On 16 August 2007, a MCDONNELL DOUGLAS MD-83 departed Lisbon with the Co-pilot as Pilot Flying (PF) on a scheduled passenger flight FLT344E to Dublin, Ireland. The flight progressed without incident until commencing its approach to Dublin Airport. The approach was made at night; the weather and visibility were good. As scheduled maintenance on the main runway (RWY 10-28) was under way, RWY 34 was in use for landing. The flight was cleared by Air Traffic Control (ATC) to carry out a non-precision approach to RWY 34. During the approach, at approximately 5 nm from touchdown, the aircraft began to deviate left of the approach course.
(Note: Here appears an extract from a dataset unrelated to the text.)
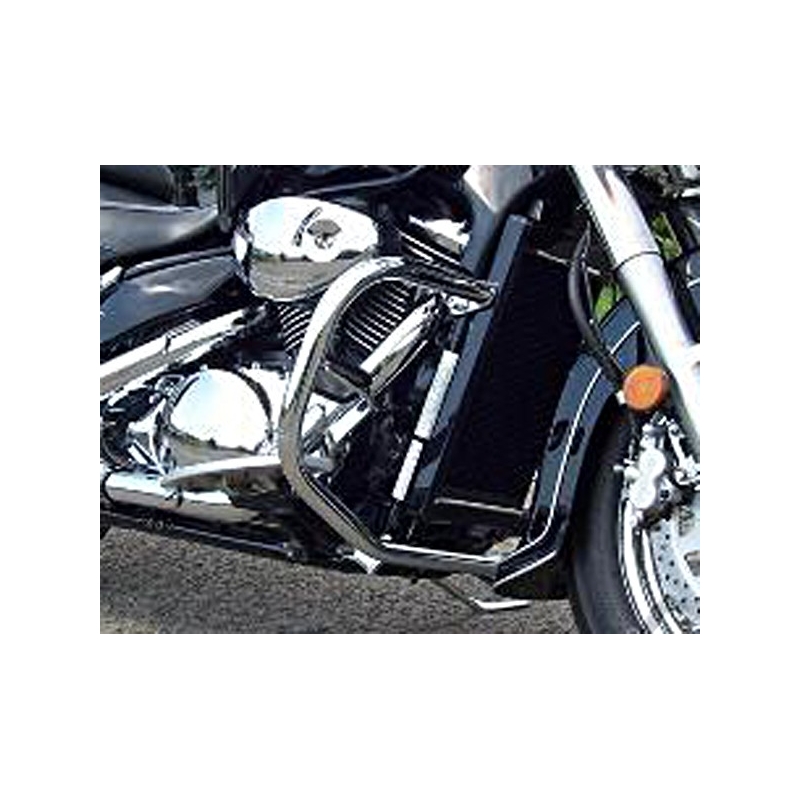 Suzuki VL800 Volusia / C800 / M800 Intruder Chrome / Black Engine Guard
This deviation was due to the Flight Crew mis-identifying the lights of a 16-storey hotel at Santry Cross as those of the runway approach lighting system on RWY 34 (See: Figure 1). The aircraft descended below the Minimum Descent Altitude (MDA) without proper visual recognition of the runway in use, and descended to an altitude of 580 ft above mean sea level (AMSL) before ATC issuing instruction for right turn and climb. At the point the go-around commenced, the aircraft was approximately 1,700 ft from the building and 200 ft above it. The aircraft subsequently landed without further incident after vectoring for Instrument Landing System (ILS) approach for RWY 16.
Figure 1. View of the RWY 34 approach at 5.5 NM to touchdown, with the Hotel building at Santry Cross indicated on the left of the photograph.Source: AAIU Report 2009-010
The investigation of the Serious Incident came to the following probable cause:
The decision of the Flight Crew, to continue an approach using visual cues alone, having mis-identified the lights of a building with the approach lights of the landing runway.
Along with the latter, several contributing factors are mentioned. Some of them are the visual resemblance of the building in night conditions with the approach lights, non-adherence to Company SOPs, poor Crew Resource Management (Crew Resource Management), etc.
The recommendations comprise comprehensive review of the CRM training of the operator and airport control tower manning level examination by IAA. Furthermore, the IAA, when considering the type and positioning of warning lights specified for an obstacle in the vicinity of an aerodrome, should take account of the potential for confusion by pilots of such lights with visual navigation aids at the aerodrome.